End of test criteria

Hi,

I have general question on how to end the test (gracefully) and also how to implement a watchdog timer that detects hangs in the RTL. I believe both these threads (that looks for graceful termination) and the watchdog time should run in parallel.

My environment has, 3 active (primary) interfaces that can inject any number of request packets and 2 reactive interfaces that can respond to DUT (w/wo delays) and 2 output interfaces.

Graceful termination:
Let us say the packets that I intend to inject into the RTL may/may not be equal to the number of output packets. Also, considering the delays in injecting the requesting packets and receiving the packets due to possible stalls/bubbles in the environment, how do I implement the end of test. As, I cant simply drop the objection after injecting all the request packets as they will take time to come out of the RTL based on various delay configurations.

Watchdog timer:
How to implement a watchdog timer that can also be configured ?

Can anyone give me an idea of how to implement these sort of things, possibly with a snippet of code ?

Thanks,
Madhu

In reply to mseyunni:

UVM provides an objection mechanism to finish tests in an ordered manner.
Objections can be implemented in components like the test or in sequences.

In reply to mseyunni:

Hi Madhu,
There are multiple cases.
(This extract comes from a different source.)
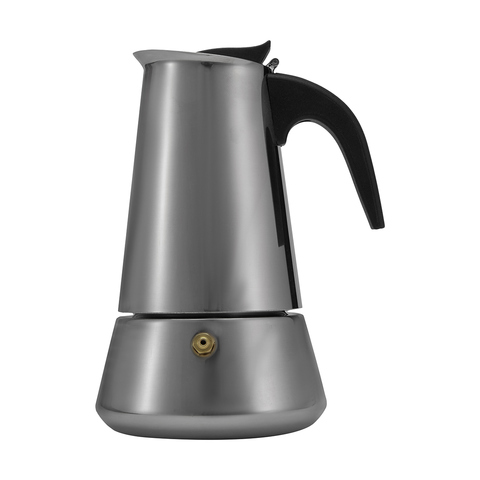 coffee pot for stove top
I am trying to describe the situation where you can drop objections…

  Best Case : No drop of packets   
     - At scoreboard, try predicting the number of output packets for the injected
       packets. Once all have been received , you may drop the objection. 

     - If say, number of packet prediction is non-deterministic, 
           Try to reconstruct the payload from the received set of packets. 
           On periodic limits, you can match the received payload vs injected 
           payload. Once all have been matched, you may drop the objection.
          
     - You may probe DUT's internal signals to know if packets are still residing in DUT.

     - Certain designs have pkt counters, which you can keep reading via host interface
       at regular intervals to know the status and then drop the objection. 

  Worst Case: Drop of packets occurs...
      - A simple global timeout can be kept in the top module.
        initial #(No_of_pkts*Worst_Case_Delay) $fatal_error  ... etc   

      - Null packets(Non-Payload) : some protocols may mandate to keep sending null 
        packets b/w payload packets to keep the connection/link active, in such cases, 
        have a limit on the number of maximum allowed Null packets. 

+Shri

In reply to rshrig:

Hi Shri,

Thank you for the ideas. I thought about the packet prediction, which is not that trivial in my case as it depends on some calculations based on the reactive response generators, basically modelling what the RTL does (effectively). Also, probing the DUT may not help in cases, where DUT had sent out all the packets, but are held in the response generators and if my configuration had large delays in processing the request packets, I do not want to drop the objection, so trying to understand what the best solution would be to consider all the cases of best & worst case delays.